Location
- 3955 Steele Street Commerce City, Colorado 80205 United States
- Coordinates: 39°46′19″N 104°57′3″W﻿ / ﻿39.77194°N 104.95083°W

Information
- School type: Public high school
- Motto: Redefining What's Possible
- Established: 2002; 24 years ago
- School district: Denver 1
- CEEB code: 060374
- NCES School ID: 080336001869
- Principal: Erin Olson
- Teaching staff: 47.56 (on an FTE basis)
- Grades: 6–12
- Gender: Coeducational
- Enrollment: 653 (2023–24)
- Student to teacher ratio: 13.73
- Campus type: City, Large
- Colors: Red, silver, and white
- Athletics conference: City League
- Mascot: Grizzly
- Website: brucerandolph.dpsk12.org

= Bruce Randolph School =

Public high school in Colorado, US

Bruce Randolph School is a public school in Denver, Colorado, United States. It serves grades six through twelve.

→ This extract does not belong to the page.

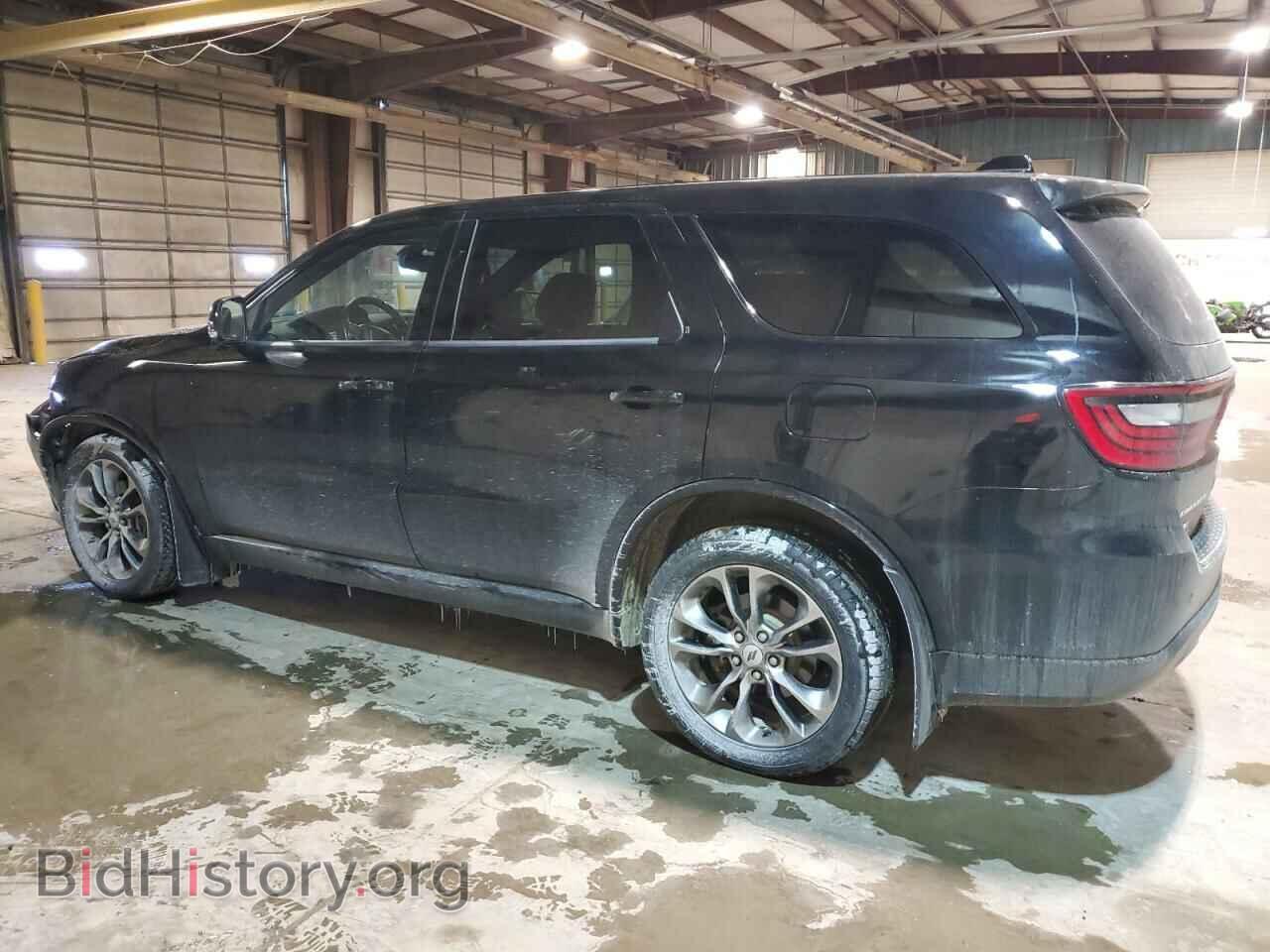 2019 DODGE DURANGO - VIN: 1C4RDJDG7KC550435 - Фото 2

Part of Denver Public Schools, Bruce Randolph began to operate autonomously in 2007 in a bid to turn around its dismal graduation rates, which was successful. As part as the changes, each teacher had to reapply for their job, after which only six of forty remained. Its turnaround in student graduation rates between 2006 and 2010 was praised by US President Barack Obama during his 2011 State of the Union Address.